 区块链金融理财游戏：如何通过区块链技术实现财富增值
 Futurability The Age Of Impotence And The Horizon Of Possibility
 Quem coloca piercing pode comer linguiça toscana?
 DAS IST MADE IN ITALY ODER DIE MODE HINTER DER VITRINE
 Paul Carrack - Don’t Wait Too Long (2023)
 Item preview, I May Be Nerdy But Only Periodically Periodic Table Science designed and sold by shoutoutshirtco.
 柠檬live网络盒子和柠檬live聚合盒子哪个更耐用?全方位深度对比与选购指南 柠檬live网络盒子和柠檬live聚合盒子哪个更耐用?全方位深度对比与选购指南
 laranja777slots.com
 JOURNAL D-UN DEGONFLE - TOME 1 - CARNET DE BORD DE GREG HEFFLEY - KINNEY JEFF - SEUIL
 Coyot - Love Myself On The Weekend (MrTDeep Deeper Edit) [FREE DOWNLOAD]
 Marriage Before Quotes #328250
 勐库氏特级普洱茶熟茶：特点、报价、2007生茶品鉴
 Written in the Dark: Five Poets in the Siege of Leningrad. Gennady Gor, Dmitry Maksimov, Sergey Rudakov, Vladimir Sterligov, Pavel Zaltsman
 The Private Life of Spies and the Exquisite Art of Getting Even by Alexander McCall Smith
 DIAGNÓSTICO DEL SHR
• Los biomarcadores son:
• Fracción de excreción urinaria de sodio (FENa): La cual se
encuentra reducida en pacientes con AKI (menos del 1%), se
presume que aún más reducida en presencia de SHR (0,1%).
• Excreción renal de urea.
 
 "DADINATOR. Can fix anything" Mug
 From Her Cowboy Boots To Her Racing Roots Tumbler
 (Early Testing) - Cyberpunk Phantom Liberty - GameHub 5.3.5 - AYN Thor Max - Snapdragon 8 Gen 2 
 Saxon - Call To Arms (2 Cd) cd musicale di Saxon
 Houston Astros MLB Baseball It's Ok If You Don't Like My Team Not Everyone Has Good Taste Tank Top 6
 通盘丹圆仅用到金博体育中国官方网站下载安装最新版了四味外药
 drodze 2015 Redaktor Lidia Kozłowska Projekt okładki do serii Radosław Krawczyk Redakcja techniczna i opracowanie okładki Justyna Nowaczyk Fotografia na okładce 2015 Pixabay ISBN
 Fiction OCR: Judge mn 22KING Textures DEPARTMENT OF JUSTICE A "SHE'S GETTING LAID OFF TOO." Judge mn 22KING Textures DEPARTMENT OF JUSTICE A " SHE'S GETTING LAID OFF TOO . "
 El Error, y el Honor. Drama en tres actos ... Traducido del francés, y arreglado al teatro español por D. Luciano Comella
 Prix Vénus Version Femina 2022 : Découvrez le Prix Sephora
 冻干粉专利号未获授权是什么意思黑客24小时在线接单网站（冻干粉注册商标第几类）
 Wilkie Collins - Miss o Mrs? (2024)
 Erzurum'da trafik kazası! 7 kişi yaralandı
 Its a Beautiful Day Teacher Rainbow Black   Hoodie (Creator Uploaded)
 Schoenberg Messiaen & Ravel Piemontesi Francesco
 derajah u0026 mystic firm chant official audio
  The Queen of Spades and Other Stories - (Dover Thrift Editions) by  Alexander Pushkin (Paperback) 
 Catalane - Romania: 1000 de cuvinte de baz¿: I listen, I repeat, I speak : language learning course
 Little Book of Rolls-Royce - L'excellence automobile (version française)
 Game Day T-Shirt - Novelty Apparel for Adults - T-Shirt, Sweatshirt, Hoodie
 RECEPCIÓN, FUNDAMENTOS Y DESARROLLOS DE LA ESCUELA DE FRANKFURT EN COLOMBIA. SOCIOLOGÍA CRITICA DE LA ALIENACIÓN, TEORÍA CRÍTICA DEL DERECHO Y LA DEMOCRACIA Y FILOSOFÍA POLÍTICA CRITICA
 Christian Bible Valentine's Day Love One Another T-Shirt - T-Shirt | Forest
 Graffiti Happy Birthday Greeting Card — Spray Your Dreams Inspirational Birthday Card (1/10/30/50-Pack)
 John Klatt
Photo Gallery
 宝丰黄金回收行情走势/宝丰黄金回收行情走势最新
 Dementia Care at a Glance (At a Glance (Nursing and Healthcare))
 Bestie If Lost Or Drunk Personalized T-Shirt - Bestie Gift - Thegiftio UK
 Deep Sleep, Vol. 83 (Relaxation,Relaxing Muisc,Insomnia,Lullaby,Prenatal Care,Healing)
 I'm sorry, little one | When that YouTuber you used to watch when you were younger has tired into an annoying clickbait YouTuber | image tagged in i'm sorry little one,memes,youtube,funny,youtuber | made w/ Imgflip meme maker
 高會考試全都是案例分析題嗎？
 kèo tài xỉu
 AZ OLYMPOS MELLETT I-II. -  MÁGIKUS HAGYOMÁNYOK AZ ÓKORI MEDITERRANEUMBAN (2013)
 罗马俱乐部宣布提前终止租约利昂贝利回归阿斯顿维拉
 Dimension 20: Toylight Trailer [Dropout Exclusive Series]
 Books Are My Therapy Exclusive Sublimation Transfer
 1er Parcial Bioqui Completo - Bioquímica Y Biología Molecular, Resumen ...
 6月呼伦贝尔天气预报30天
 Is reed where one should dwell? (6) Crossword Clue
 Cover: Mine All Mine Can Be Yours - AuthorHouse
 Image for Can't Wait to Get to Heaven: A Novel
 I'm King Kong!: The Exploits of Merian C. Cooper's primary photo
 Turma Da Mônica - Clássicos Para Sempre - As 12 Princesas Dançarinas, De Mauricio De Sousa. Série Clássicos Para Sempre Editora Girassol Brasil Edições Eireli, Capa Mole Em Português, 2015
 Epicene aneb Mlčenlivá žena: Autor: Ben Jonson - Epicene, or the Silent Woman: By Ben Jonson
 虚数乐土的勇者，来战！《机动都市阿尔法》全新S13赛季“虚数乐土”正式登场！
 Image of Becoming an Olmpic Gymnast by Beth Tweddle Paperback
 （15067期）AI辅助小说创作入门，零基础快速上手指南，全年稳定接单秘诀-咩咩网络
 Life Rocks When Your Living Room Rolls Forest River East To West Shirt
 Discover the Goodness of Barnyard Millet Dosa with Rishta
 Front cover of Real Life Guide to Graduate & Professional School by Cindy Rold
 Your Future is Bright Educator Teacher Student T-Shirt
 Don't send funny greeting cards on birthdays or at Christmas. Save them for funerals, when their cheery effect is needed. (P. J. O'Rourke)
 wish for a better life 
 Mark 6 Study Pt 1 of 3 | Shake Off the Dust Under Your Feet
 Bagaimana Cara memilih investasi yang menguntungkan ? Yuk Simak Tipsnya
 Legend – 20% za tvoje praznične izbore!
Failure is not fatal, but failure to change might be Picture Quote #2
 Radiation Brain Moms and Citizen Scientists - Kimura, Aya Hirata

......

What to produce:
Report each line in the data above that holds the word "Teacher" by copying it.

Final answer:
 Its a Beautiful Day Teacher Rainbow Black   Hoodie (Creator Uploaded)
 Your Future is Bright Educator Teacher Student T-Shirt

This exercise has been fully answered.